Without the "while" will not be possible get the Crest Factor desired, because when I just set everything greater than 1 to 1, and everything lower than -1 to -1, the RMS level will be changed.
The "while" function will check the newer RMS level and calculated it again.
2. The statement:
normalized = filtered / (rms(filtered) / 10^(-crest_factor/20));
normalises the signal to an RMS level of -6dB below 1. An RMS below 1 does not of
course guarantee there will be no samples greater than 1, but unless your signal is very
peculiar I would expect there to be very few or none.

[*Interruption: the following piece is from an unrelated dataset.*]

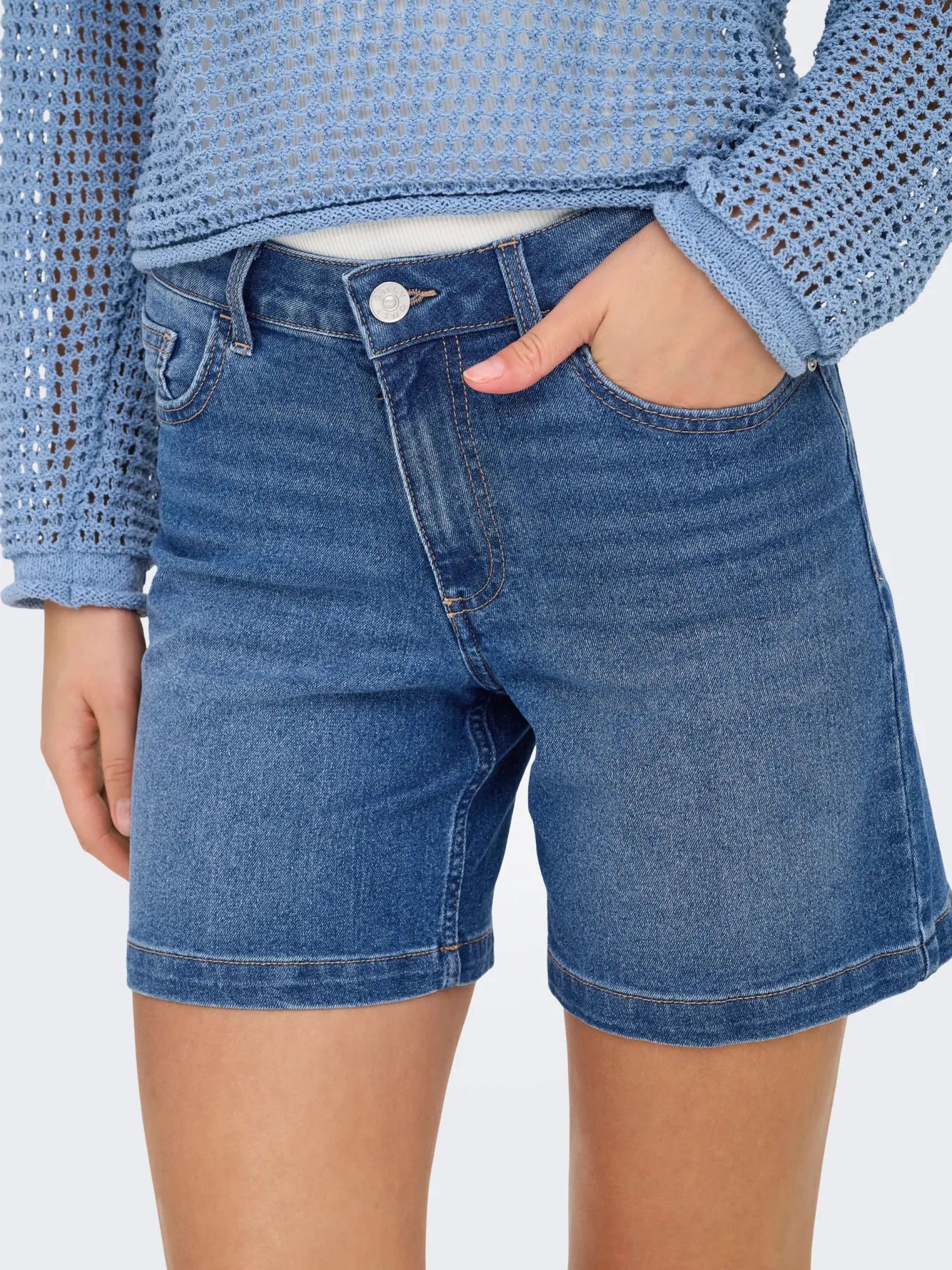 Calção Jeans MIA MW MOM Shorts 15352303 ONLY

This is why I'm using the "while" function, to reduce the number of samples greater than 1 & lower than -1
Possibly therefore the following code would meet your needs without the need for complex compression.
crest_factor = 6;
typenoise = noise(10*44100, 1, 'pink');
[z, p, k] = butter(4, [100/(44100/2), 500/(44100/2)]);
sos = zp2sos (z, p, k);
filtered = sosfilt(sos, typenoise);
normalized = filtered / (rms(filtered) / 10^(-crest_factor/20));
NumberOfClippedSamples = nnz(
normalized > 1 |normalized<-1)
normalized(normalized > 1) = 1;
normalized(normalized < -1) = -1;
In your example, I'm getting a Crest Factor of -6,36 instead of -6 (this 0,36dB is too much) and almost 20000 samples clipped.
I would like to avoid this approach "normalized(normalized > 1) = 1" to avoid a hard clipping.
What I'm looking for is a kind of Hard Limiter instead of a Hard Clipping.